■ GIVEN RECORDS:
+===+

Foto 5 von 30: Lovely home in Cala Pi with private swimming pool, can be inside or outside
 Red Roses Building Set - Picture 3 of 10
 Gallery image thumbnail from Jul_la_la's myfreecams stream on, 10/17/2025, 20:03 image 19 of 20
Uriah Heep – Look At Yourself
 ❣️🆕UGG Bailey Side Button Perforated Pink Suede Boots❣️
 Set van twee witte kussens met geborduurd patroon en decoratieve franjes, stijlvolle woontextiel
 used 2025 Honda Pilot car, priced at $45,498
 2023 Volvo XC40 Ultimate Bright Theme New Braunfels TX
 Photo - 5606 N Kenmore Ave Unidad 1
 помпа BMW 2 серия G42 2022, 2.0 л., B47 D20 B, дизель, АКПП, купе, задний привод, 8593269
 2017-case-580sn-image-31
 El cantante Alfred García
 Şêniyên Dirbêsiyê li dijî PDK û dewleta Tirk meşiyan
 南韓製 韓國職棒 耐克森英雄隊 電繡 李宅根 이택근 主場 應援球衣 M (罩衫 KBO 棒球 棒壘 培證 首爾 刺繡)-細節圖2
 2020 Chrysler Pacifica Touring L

+===+

■ WHAT TO DO: From the line with "Pink Suede Boots❣️" through the final line of the records, return each line exactly. Leave out the rest.

■ TASK OUTPUT:
 ❣️🆕UGG Bailey Side Button Perforated Pink Suede Boots❣️
 Set van twee witte kussens met geborduurd patroon en decoratieve franjes, stijlvolle woontextiel
 used 2025 Honda Pilot car, priced at $45,498
 2023 Volvo XC40 Ultimate Bright Theme New Braunfels TX
 Photo - 5606 N Kenmore Ave Unidad 1
 помпа BMW 2 серия G42 2022, 2.0 л., B47 D20 B, дизель, АКПП, купе, задний привод, 8593269
 2017-case-580sn-image-31
 El cantante Alfred García
 Şêniyên Dirbêsiyê li dijî PDK û dewleta Tirk meşiyan
 南韓製 韓國職棒 耐克森英雄隊 電繡 李宅根 이택근 主場 應援球衣 M (罩衫 KBO 棒球 棒壘 培證 首爾 刺繡)-細節圖2
 2020 Chrysler Pacifica Touring L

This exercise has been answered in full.